There are many other methods that are getting used like Byte-level BPE used in GPT-2, WordPiece used in BERT etc.

loading of tokenizers:

from transformers import BertTokenizer
from transformers import AutoTokenizer # automatically loads the tokenizer based on the checkpoints
tokenizer = BertTokenizer.from_pretrained("bert-base-cased")
tokenizer = AutoTokenizer.from_pretrained("bert-base-cased")
tokenizer.save_pretrained("directory_on_my_computer")
sequence = "Using a Transformer network is simple"
tokens = tokenizer.tokenize(sequence)
decoded_string = tokenizer.decode([7993, 170, 11303, 1200, 2443, 1110, 3014])

the tokenizer has a vocabulary, which is the part we download when we instantiate it with the from_pretrained() method.

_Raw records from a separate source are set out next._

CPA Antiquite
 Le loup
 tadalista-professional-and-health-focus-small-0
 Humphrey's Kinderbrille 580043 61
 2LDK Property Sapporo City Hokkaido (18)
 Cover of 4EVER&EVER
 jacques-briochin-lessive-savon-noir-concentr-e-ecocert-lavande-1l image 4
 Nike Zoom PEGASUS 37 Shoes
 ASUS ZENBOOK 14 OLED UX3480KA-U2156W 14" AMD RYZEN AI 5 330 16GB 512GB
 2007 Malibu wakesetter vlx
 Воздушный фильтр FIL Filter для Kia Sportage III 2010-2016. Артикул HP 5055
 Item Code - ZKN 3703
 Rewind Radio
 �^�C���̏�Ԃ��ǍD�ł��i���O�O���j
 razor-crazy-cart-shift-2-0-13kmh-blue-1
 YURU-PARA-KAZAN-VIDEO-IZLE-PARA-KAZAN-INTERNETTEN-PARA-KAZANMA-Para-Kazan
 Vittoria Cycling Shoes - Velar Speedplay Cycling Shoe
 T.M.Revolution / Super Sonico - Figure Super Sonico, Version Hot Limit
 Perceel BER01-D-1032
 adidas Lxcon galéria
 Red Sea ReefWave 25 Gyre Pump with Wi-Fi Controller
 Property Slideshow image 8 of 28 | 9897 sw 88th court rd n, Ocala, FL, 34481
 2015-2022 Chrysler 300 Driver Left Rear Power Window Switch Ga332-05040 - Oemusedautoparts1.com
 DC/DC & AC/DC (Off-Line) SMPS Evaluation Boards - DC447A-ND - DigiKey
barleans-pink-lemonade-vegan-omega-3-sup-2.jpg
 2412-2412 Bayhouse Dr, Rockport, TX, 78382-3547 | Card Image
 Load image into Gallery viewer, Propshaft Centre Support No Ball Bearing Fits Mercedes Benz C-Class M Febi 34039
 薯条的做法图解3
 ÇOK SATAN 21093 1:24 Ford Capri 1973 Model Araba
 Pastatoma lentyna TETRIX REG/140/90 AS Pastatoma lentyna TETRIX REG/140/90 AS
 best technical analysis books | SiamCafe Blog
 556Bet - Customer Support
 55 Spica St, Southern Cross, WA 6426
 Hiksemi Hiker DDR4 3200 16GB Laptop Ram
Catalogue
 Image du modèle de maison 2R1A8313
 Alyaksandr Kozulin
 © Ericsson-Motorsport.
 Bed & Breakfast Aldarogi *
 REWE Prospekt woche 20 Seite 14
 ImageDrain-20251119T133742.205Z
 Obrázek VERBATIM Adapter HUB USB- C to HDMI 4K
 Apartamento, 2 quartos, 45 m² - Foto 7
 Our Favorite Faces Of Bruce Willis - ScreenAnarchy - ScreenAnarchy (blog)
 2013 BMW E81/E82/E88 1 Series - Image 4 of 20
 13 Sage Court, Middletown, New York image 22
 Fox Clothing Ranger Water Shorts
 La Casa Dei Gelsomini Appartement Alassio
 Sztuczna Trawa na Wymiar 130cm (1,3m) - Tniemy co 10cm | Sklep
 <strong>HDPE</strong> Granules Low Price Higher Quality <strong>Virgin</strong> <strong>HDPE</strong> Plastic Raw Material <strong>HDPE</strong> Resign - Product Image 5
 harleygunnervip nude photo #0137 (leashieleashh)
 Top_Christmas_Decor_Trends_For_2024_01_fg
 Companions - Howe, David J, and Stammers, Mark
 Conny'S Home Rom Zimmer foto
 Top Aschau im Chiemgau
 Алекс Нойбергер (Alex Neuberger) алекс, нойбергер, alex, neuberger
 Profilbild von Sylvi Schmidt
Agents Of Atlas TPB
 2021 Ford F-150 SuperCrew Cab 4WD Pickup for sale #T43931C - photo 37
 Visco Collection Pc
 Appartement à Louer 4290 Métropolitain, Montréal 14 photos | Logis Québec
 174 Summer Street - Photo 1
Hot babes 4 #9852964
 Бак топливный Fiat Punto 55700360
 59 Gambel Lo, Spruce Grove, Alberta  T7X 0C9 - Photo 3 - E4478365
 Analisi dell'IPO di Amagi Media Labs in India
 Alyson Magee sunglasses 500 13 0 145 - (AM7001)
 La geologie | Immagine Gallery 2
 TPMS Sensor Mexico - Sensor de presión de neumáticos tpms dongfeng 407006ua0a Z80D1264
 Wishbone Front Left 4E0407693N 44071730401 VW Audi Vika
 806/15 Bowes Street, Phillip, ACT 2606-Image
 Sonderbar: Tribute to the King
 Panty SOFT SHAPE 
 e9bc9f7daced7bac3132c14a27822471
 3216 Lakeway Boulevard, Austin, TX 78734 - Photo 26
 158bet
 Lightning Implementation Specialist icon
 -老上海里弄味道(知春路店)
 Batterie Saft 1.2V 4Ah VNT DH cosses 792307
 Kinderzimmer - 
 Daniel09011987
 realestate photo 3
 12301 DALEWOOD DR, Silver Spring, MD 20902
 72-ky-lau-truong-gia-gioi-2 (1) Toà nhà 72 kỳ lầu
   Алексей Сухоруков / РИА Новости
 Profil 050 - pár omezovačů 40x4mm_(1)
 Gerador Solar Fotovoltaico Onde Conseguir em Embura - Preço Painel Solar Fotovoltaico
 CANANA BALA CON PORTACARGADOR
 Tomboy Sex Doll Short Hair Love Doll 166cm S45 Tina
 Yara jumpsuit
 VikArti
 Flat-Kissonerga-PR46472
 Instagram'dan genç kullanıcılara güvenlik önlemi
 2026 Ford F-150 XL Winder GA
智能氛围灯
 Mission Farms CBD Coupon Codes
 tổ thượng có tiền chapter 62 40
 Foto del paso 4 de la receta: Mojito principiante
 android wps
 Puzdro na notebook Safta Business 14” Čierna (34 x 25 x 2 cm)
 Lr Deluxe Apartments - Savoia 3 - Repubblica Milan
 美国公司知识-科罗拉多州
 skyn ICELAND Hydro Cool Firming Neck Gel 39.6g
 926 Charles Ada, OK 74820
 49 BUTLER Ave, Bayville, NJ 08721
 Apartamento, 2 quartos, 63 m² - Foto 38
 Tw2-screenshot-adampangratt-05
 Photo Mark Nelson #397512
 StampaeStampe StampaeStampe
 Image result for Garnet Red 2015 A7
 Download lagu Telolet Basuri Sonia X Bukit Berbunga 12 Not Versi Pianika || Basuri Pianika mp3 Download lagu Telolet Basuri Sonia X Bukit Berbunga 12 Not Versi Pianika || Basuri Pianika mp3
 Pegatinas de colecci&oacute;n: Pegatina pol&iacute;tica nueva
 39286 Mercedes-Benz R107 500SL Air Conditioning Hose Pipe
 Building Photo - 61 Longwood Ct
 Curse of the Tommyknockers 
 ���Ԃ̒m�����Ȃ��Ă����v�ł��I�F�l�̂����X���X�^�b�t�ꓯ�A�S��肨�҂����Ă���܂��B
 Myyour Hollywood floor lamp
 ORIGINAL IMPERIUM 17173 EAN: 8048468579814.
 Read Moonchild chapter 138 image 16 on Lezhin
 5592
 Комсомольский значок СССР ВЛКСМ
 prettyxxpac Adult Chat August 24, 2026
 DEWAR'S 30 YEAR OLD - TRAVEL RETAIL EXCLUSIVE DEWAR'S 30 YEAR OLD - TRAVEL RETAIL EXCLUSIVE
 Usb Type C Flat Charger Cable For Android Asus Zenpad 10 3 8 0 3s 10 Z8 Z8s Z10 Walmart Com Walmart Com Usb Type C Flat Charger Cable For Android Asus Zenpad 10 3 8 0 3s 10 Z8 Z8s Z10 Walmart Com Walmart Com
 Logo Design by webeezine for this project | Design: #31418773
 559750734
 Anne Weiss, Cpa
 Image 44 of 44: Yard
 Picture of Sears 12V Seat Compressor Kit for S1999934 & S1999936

The tokenizer adds the special word [CLS] at the beginning and the special word [SEP] at the end. This is because the model is pretrained with those, so to get the same results for inference we need to add them as well.

Attention masks

The key feature of Transformer models is attention layers that contextualize each token. These will take into account the padding tokens since they attend to all of the tokens of a sequence. To get the same result when passing individual sentences of different lengths through the model, we need to tell those attention layers to ignore the padding tokens. Attention masks are tensors with the exact same shape as the input IDs tensor, filled with 0s and 1s: 1s indicate the corresponding tokens should be attended to, and 0s indicate the corresponding tokens should not be attended to.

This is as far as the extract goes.